A newly recognized type of heart disease, or "cardiomyopathy," caused by an X-linked mutation in the LAMP2 gene, is rapidly progressive, leading to cardiac death in young patients, according to a report in the Journal of the American Medical Association.

The cardiomyopathy in the disorder is known to be clinically similar to severe hypertrophic cardiomyopathy, but the natural history and genetic patterns associated with the disease was unclear, lead author Dr. Barry J. Maroon, from the Minneapolis Heart Institute Foundation, and colleagues note.

In their study, the researchers examined the natural course and outcomes of LAMP2 cardiomyopathy in six boys and one girl, ranging in age from 7 to 17 years.

During an average follow-up period of 8.6 years, left ventricular systolic dysfunction and cavity enlargement developed in the patients. Adverse clinical outcomes included refractory heart failure and death in four patients and sudden death, aborted cardiac arrest, and heart transplantation in patient each.

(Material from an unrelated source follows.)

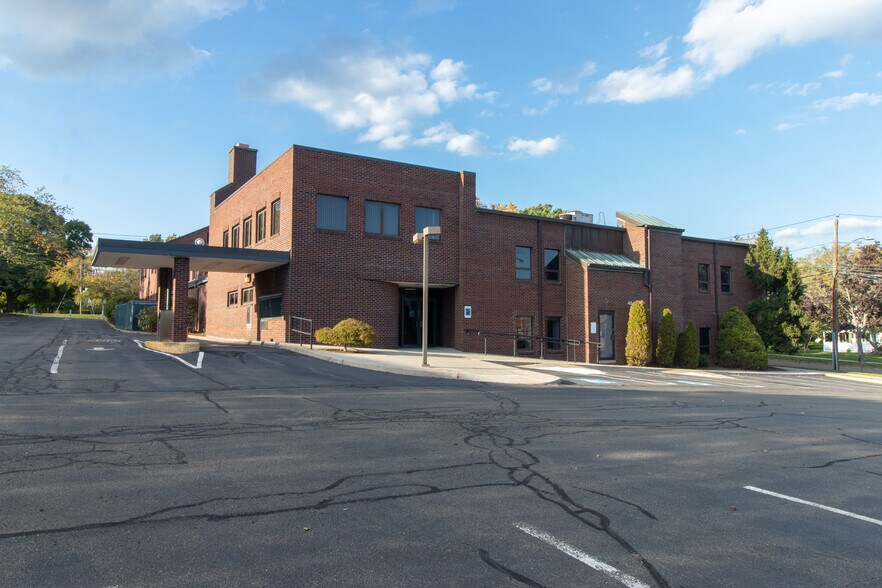 More Photos Of 45 S Main St, Branford Bank For Sale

Marked left ventricular hypertrophy was noted in the group, which included massive ventricular septal thickening in two subjects, the authors note. ECG findings included pronounced increased voltages of R-wave or S-wave as well as deeply inverted T-waves.

At autopsy, the histopathologic features were similar to those of a lysosomal storage disease and to hypertrophic cardiomyopathy, the researchers report.

The resemblance of LAMP2 to other types of cardiomyopathy "underscores the necessity and power of timely genetic testing in young patients" who have a substantially enlarged left ventricule, for the early molecular identification of this myocardial storage disease characterized by adverse clinical course," the authors conclude.

They add: "These observations also raise legitimate consideration for early intervention with heart transplantation ... despite the possibility of extracardiac organ involvement in this disease."